*** Data extract

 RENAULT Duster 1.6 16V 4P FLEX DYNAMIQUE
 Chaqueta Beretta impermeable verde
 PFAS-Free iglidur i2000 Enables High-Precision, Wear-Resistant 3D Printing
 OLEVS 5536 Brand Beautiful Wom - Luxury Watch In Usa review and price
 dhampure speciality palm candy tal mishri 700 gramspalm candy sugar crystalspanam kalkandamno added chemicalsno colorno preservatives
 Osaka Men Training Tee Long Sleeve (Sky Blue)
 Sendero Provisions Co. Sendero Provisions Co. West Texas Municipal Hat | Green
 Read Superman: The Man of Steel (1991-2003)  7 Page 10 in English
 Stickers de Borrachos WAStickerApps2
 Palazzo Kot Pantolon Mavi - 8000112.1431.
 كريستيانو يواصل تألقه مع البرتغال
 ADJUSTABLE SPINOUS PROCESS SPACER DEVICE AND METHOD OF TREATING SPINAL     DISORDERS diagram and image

******
*** Data extract

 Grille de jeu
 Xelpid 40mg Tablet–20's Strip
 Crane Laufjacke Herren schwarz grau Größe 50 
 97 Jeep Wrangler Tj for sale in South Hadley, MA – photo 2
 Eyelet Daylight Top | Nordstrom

******

_About this exercise:_
Starting with the line above that holds "Palazzo Kot Pantolon Mavi - 8000112.1431." and stopping with the line that holds "ADJUSTABLE SPINOUS PROCESS", reproduce each line exactly, omitting all other lines.

_Your response:_
 Palazzo Kot Pantolon Mavi - 8000112.1431.
 كريستيانو يواصل تألقه مع البرتغال
 ADJUSTABLE SPINOUS PROCESS SPACER DEVICE AND METHOD OF TREATING SPINAL     DISORDERS diagram and image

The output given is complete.